At my last pop up shop at No Tox Life's warehouse, I notice people love to purchase smaller and lower cost items. Basically, something beautiful, unique, yet affordable enough to show their support for my little business! I also need something profitable enough to sell at wholesale pricing to other retailers. So I'm kind of on a quest to find another product to sell! So that's kind of the plan!

My anxiety:

This might be embarrassing to say, but most of my retail products are duds. As in, I'm lucky if I break even. There's only a few products that I'm actually reordering. And with the ones that do sell, I'm always nervous with every reorder because "What if there's not enough interest this time?". Since products take a significant investment in time and money, sometimes I wish I still had the naiveté that everything I come up with will sell like hotcakes instead of the more realistic outcome.

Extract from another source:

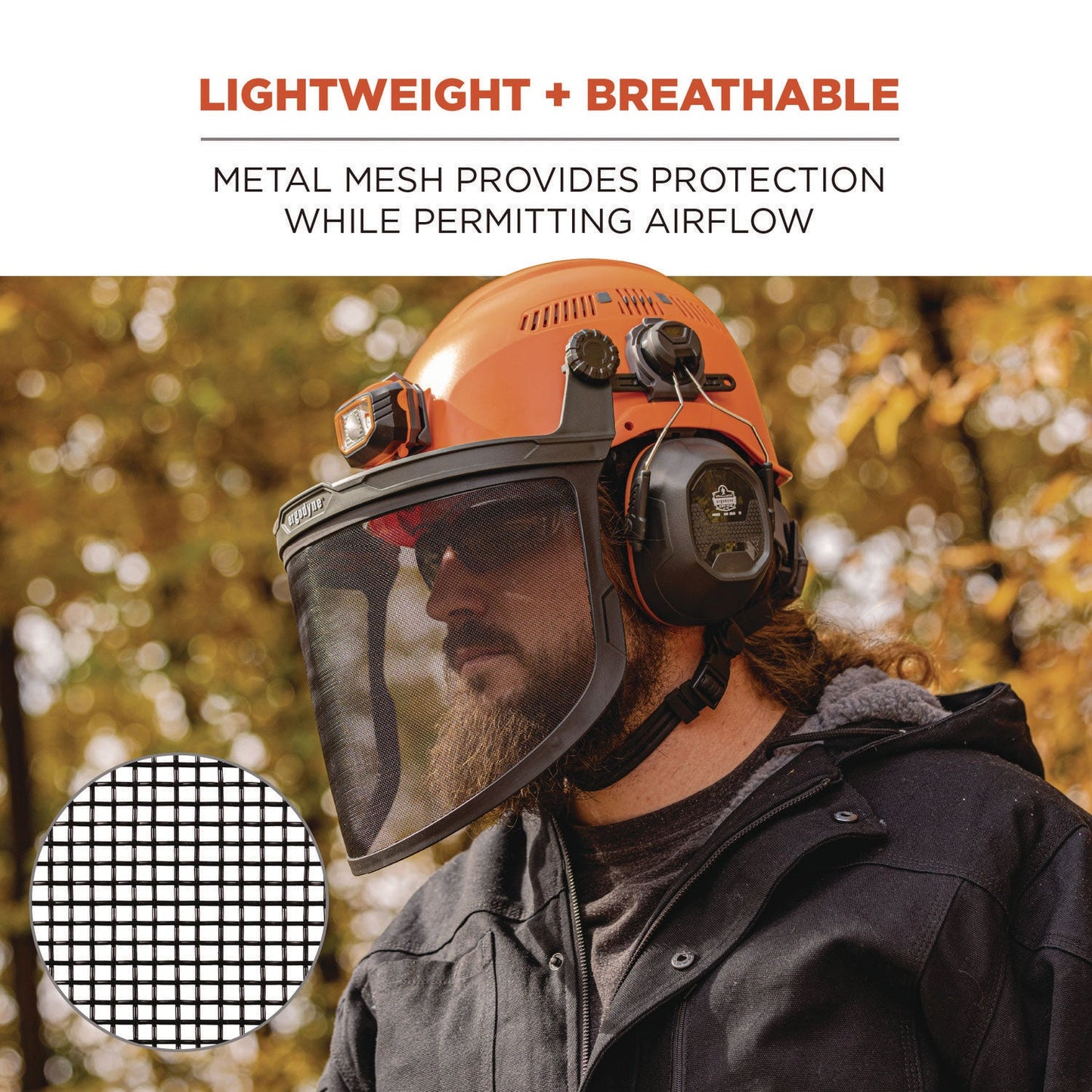 Ergodyne Skullerz 8999 Mesh Face Shield Replacement for Hard Hat and Safety Helmet, Black (EGO60253)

Then, I felt like I'm just in the rat race to come up with new successful products to sell only for other people to recreate something similar and most likely sell them cheaper. Depending on my mood that particular day, my reaction is anything from "I should come up with new designs/products that are more exclusive to me" to more like... "eh, even the Roman Empire collapsed so I should just enjoy my Boba Milk Tea in bed and do nothing".

When I gather up enough courage, I have to figure out how to turn the design into an actual product. That means debating between US made versus something that can be made overseas, how to ensure the quality, how to package and sell them, how to price them and if it will fit my overall brand. Then I realized that I need to find stores to resell them! That means introducing myself and doing cold sales!!!! I hate, hate, HATE that (hence, why I dream to have my own sales team!).

How I calm myself:

First thing first, is to finish my Boba Milk Tea! Next, I do my research for what kind of products to make and have the various designs ready to go. I'll look at various illustrations I currently have to see if I can make something fun out of them. After that, I set my target on the amount of loss I'm willing to take. When bigger investment is required, I do more market research to make sure I can at least break even. So....... My plan is I'm creating more cute enamel pins. I am also planning to make more vow books that are not from Moleskines and of course, praying hard that people will buy em!!!

So there you have all of the anxieties that concurrently occupy my headspace! I have my good days when I'm extremely content and proud of everything I've accomplished. There are days where I just putz around between different tasks and sometimes there can be ugly days where I don't think I'm enough. I try to count my blessing, be mindful of my drawbacks and be the best cheerleader for other creative's success!